Stored items:
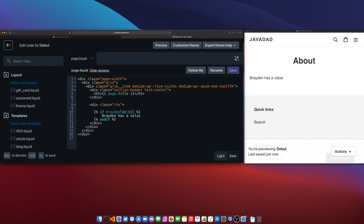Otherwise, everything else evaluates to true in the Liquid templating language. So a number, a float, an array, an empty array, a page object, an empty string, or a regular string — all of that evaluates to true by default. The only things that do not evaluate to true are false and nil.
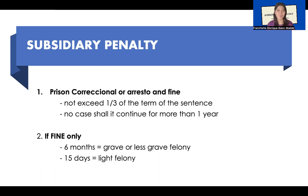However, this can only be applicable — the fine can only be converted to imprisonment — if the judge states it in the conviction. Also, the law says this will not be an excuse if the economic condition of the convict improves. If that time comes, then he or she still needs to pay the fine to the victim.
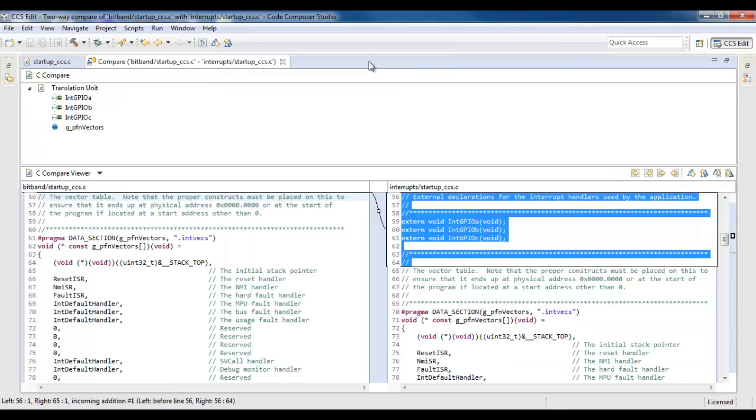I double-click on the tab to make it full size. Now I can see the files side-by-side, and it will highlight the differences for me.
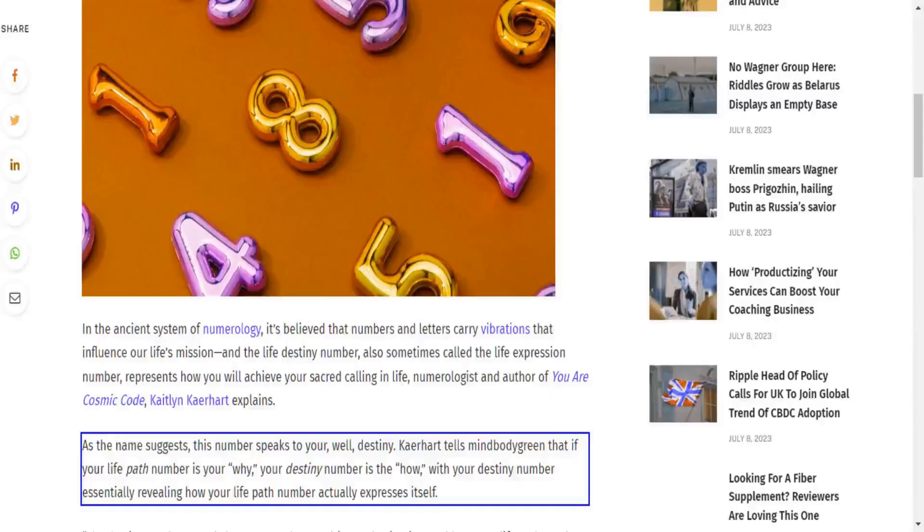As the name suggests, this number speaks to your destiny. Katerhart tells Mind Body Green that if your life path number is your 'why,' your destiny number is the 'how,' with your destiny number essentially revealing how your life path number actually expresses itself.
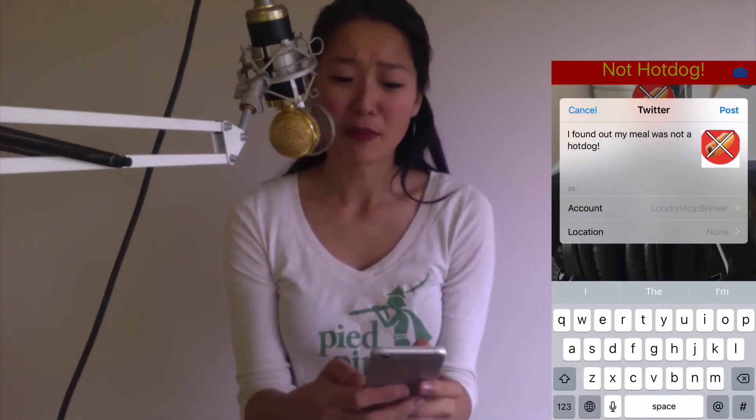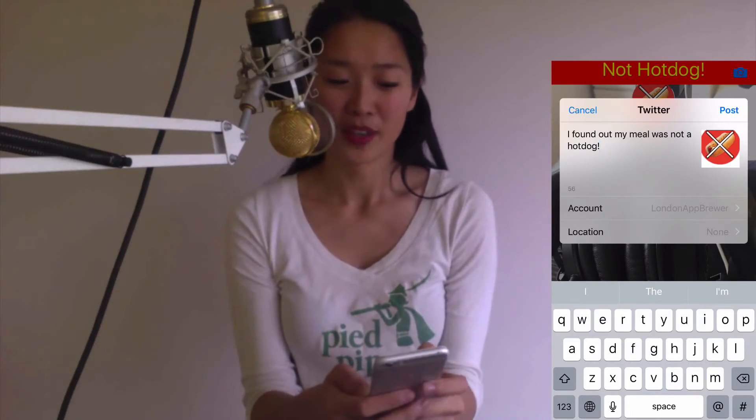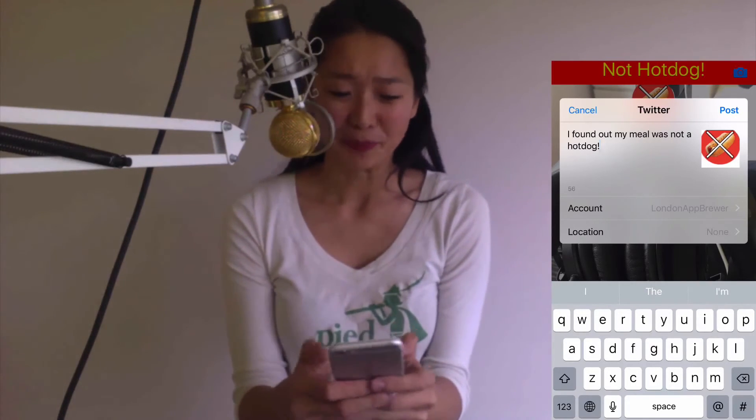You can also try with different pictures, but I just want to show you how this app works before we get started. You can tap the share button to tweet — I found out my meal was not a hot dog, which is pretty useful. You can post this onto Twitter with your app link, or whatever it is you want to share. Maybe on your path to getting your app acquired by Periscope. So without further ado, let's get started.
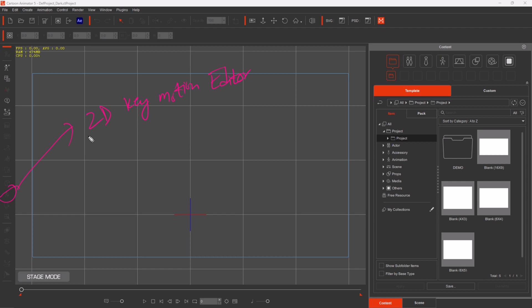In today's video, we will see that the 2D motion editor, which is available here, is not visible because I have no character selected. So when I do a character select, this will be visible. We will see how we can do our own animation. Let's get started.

**TASK DETAILS**
Output the entries above verbatim. Omit the images.

**EXERCISE OUTPUT**
Otherwise, everything else evaluates to true in the Liquid templating language. So a number, a float, an array, an empty array, a page object, an empty string, or a regular string — all of that evaluates to true by default. The only things that do not evaluate to true are false and nil.
However, this can only be applicable — the fine can only be converted to imprisonment — if the judge states it in the conviction. Also, the law says this will not be an excuse if the economic condition of the convict improves. If that time comes, then he or she still needs to pay the fine to the victim.
I double-click on the tab to make it full size. Now I can see the files side-by-side, and it will highlight the differences for me.
As the name suggests, this number speaks to your destiny. Katerhart tells Mind Body Green that if your life path number is your 'why,' your destiny number is the 'how,' with your destiny number essentially revealing how your life path number actually expresses itself.
You can also try with different pictures, but I just want to show you how this app works before we get started. You can tap the share button to tweet — I found out my meal was not a hot dog, which is pretty useful. You can post this onto Twitter with your app link, or whatever it is you want to share. Maybe on your path to getting your app acquired by Periscope. So without further ado, let's get started.
In today's video, we will see that the 2D motion editor, which is available here, is not visible because I have no character selected. So when I do a character select, this will be visible. We will see how we can do our own animation. Let's get started.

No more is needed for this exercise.